**What the exercise asks:** Through the line with "Stir the kale" and starting from the first line, return the records below word for word, with pictures left out.

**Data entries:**
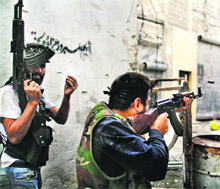 Free Syrian Army soldiers fire towards regime loyalists in the neighbourhood of northern city of Aleppo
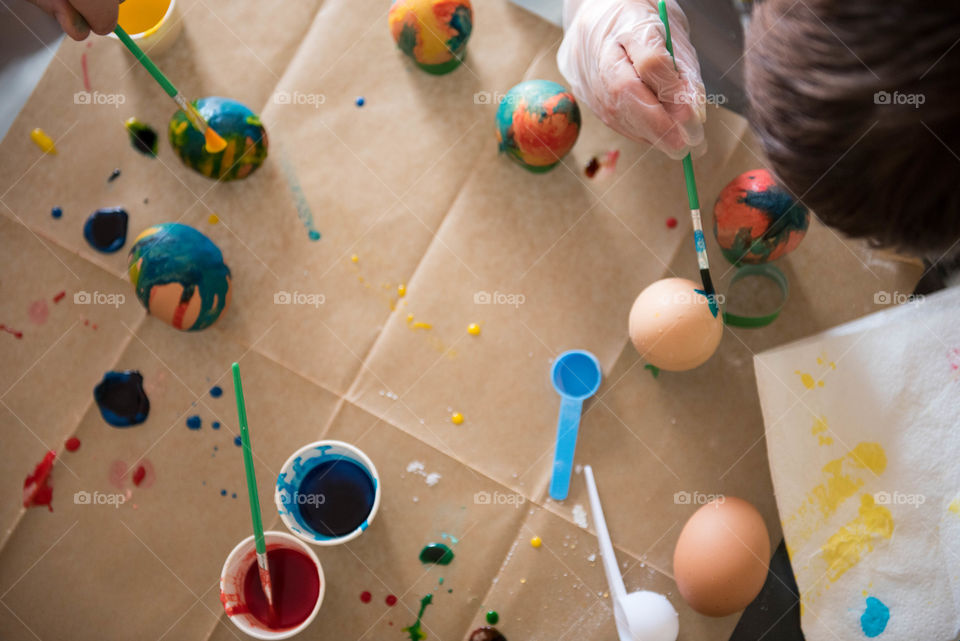 Overhead view of a family painting Easter eggs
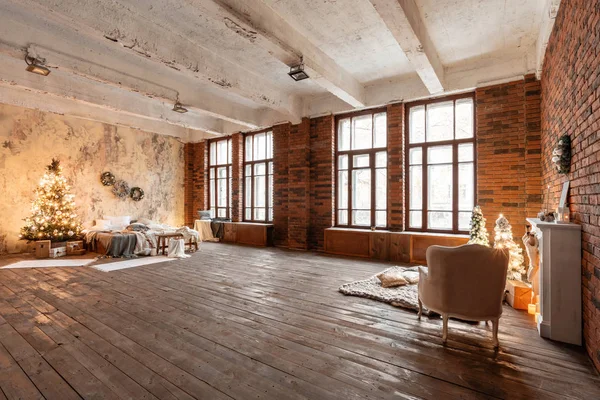 Loft stil lägenheter. Säng i sovrummet, hög stora fönster. Tegelvägg med ljus och julgran. varm och brun färg — Stockfoto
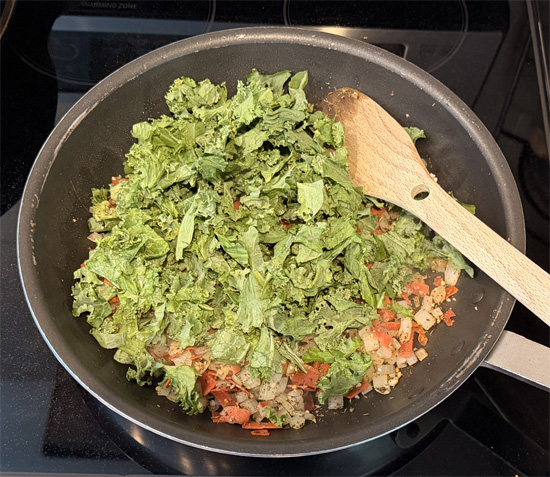Stir the kale in to wilt it. Cook, mixing together for another 2-3 minutes until the kale is wilted and deep green.
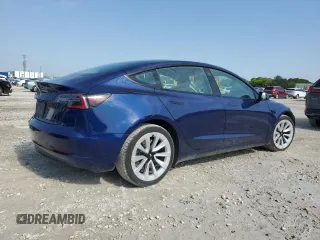 2023 Tesla Model 3 z VIN 5YJ3E1EA3PF434205, wystawiony jako Copart lot #57917305 z przebiegiem 82 481 mil mil oraz Szkody całkowita. Historia ofert i sprzedaży dostępna na DreamBid. Obrazek 3.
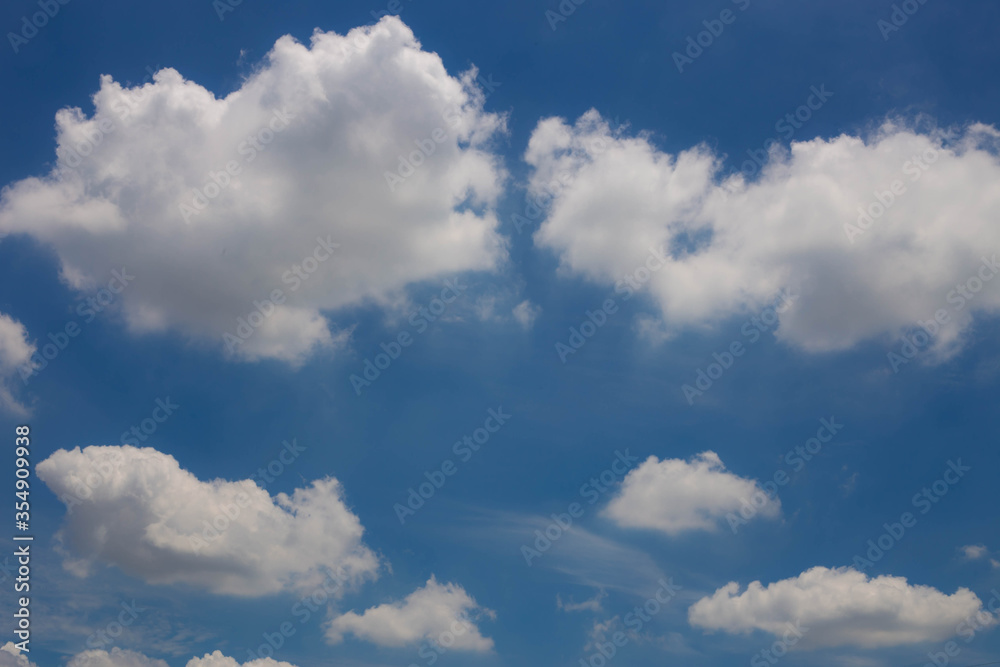 Blue skies with heavy amount of white fluffy clouds. Blue skies with heavy amount of white fluffy clouds.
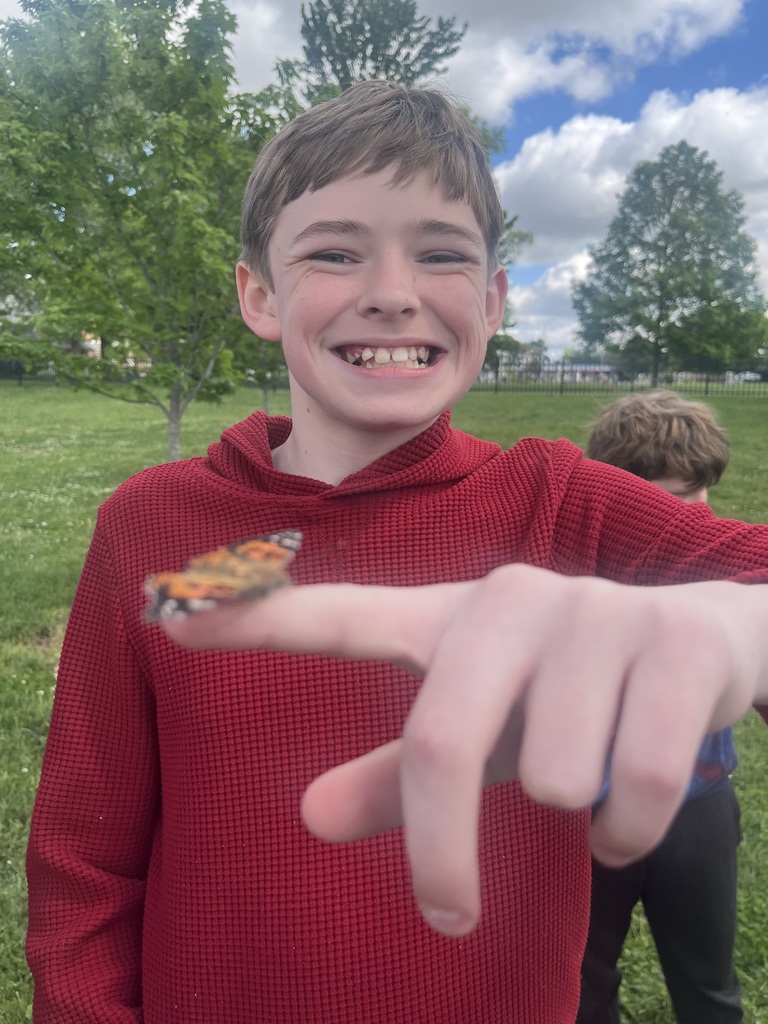 A boy has a butterfly resting on his finger. Trees and grass in the background.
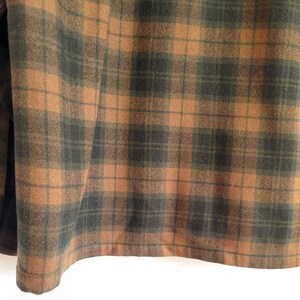 Pode incluir: Close-up de uma camisa de flanela xadrez marrom e verde. A camisa apresenta um padr&atilde;o xadrez cl&aacute;ssico com punho abotoado e um detalhe de bot&atilde;o &uacute;nico. O tecido parece macio e texturizado.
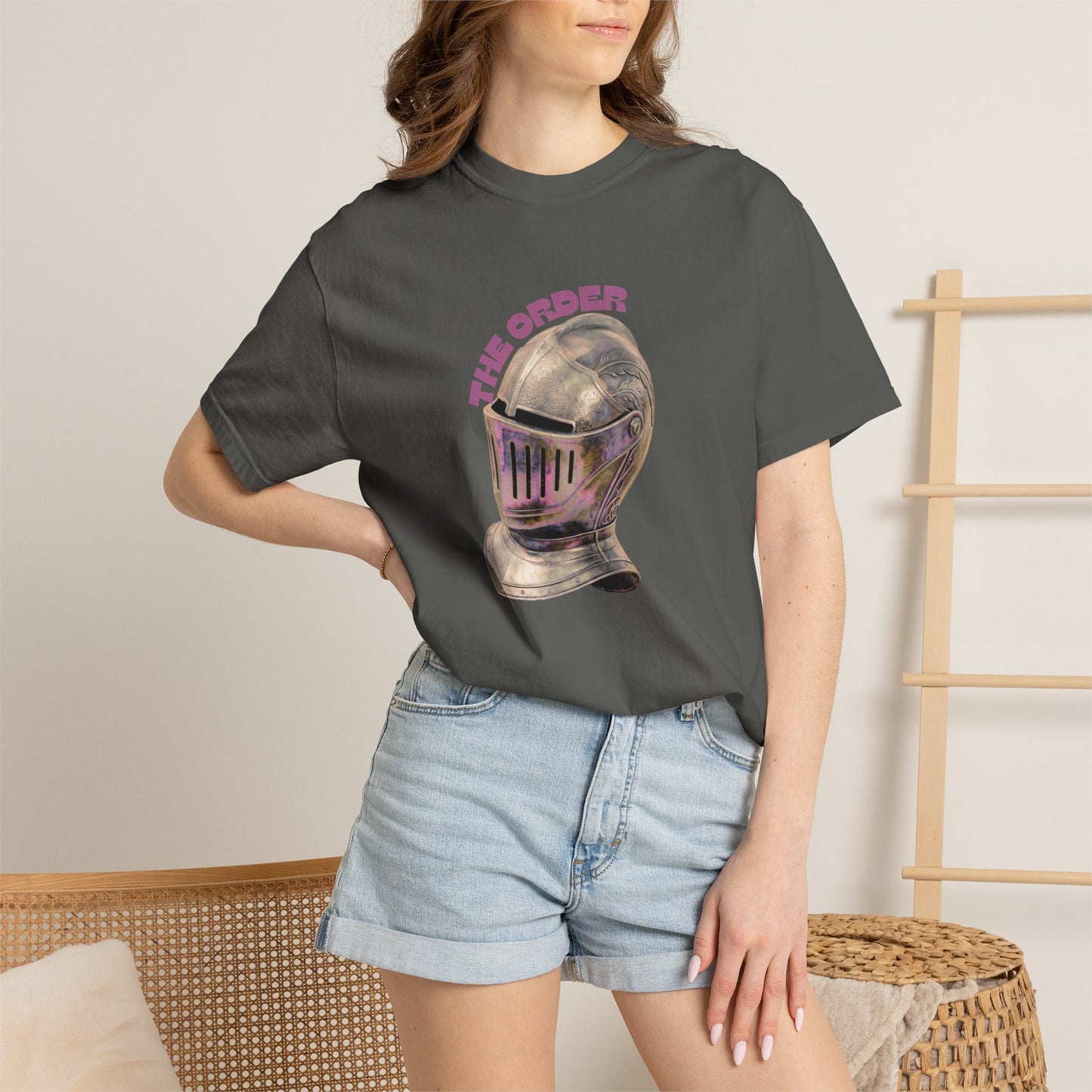 The Order knight helmet shirt worn by female model showing unisex relaxed fit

**Task result:**
 Free Syrian Army soldiers fire towards regime loyalists in the neighbourhood of northern city of Aleppo
 Overhead view of a family painting Easter eggs
 Loft stil lägenheter. Säng i sovrummet, hög stora fönster. Tegelvägg med ljus och julgran. varm och brun färg — Stockfoto
Stir the kale in to wilt it. Cook, mixing together for another 2-3 minutes until the kale is wilted and deep green.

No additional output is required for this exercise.